I wish i can do the BSN stack too but all that is too expensive
I cant even afford the No-explode/Cell mass, damn hate being po'


----------



## leanbody (Feb 18, 2006)

*Fast Twitch*

I HAVE BEEN USING FAST TWITCH FOR THE PAST THREE MONTHS AND REALLY LIKE IT. I HAVE TRIED NO EXPLODE AND FOLLOWED THE RECOMMENDED USAGE  DIRECTIONS. I WAS NOT IMPRESSED BY NO EXPLODE AT ALL BUT THEN I DID NOT STACK IT WITH CELL MASS EITHER. I HAVE HAD EXCELLENT GAINS USING FAST TWITCH BUT IF YOUR SENSITIVE TO CAFFEINE BEWARE, I HAVE HAD PROBLEMS SLEEPING WHILE USING IT. I LIKE THAT FAST TWITCH HAS KRE-ALKALYN IN IT. 
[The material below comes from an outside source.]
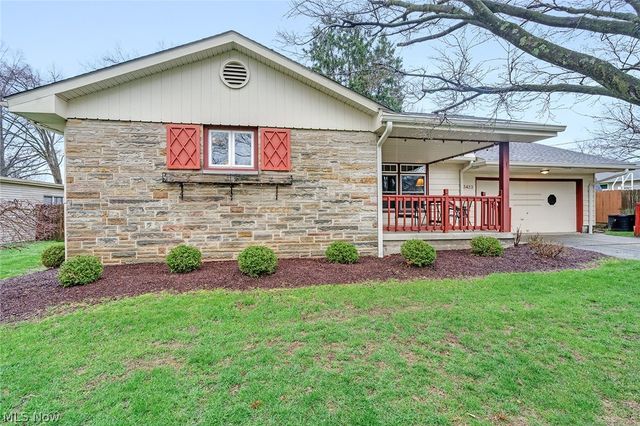 3423 Tall Oaks Lane, Austintown, OH 44511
Serving Size: 1 Scoop (23g) 
Servings Per Container: 40

Amount Per Serving:

Calories 70 
Total Fat 0g 
Saturated Fat 0g 
Trans Fat 0g 
Cholesterol 0mg 
Total Carbohydrates 15g 5% 
Sugars 0g 
Protein 3g 6% 

Vitamin C 45mg 70 
Vitamin E 30iu 100% 
Vitamin B6 3mg 150% 
Vitamin B12 10mcg 170% 
Folate 400mcg 100% 
Magnesium 5mg 
Sodium 110mg 5% 
Potassium 200 
Calcium 25mg 3% 

CytoCrea Buffered, Water Stable Creatine & GCC Precursor Matrix: 3535mg 
(blend of betaine anhydrous, glycocyamine, kre-alkalyn, glycine, l-serine, alpha-glycerol phosphorylcholine, vitamin b6, vitamin b12, folic acid) 

NitroAmp Dual Action Nitric Oxide Enhancing System: 3375mg 
(blend of arginine akg, l-citrulline, citrulline malate, ascorbic acid, vitamin e acetate, arginine malate, l-norvaline) 

CytoRepair Tree Radical Protecting, Cortisol Blocking Factors: 620mg 
(blend of glutamine peptides, phosphatidyl serine, alpha lipoic acid, taurine, l-tyrosine) 

ErgoLyte Electrolyte & Analerotic Performance Enhancers: 835mg 
(blend of potassium citrate, sodium citrate, clacium citrate, magnesium oratate, potassium aspartate) 

Caffeine 200mg


----------



## uhockey (Feb 18, 2006)

PTYP said:
			
		

> I did the BSN Stack (nitrix, noxplode, cell mass) and increased strength about 30% and gained about 20 lbs of muscle in 2 months. But of course, my diet regime was very strict, and I worked my ass off in the gym. To say the gains were from the supps or from the training is a dilema.
> 
> On a side note, when I was finished with the bottles, I switched to Sans V12 and my workout intensity dimminished.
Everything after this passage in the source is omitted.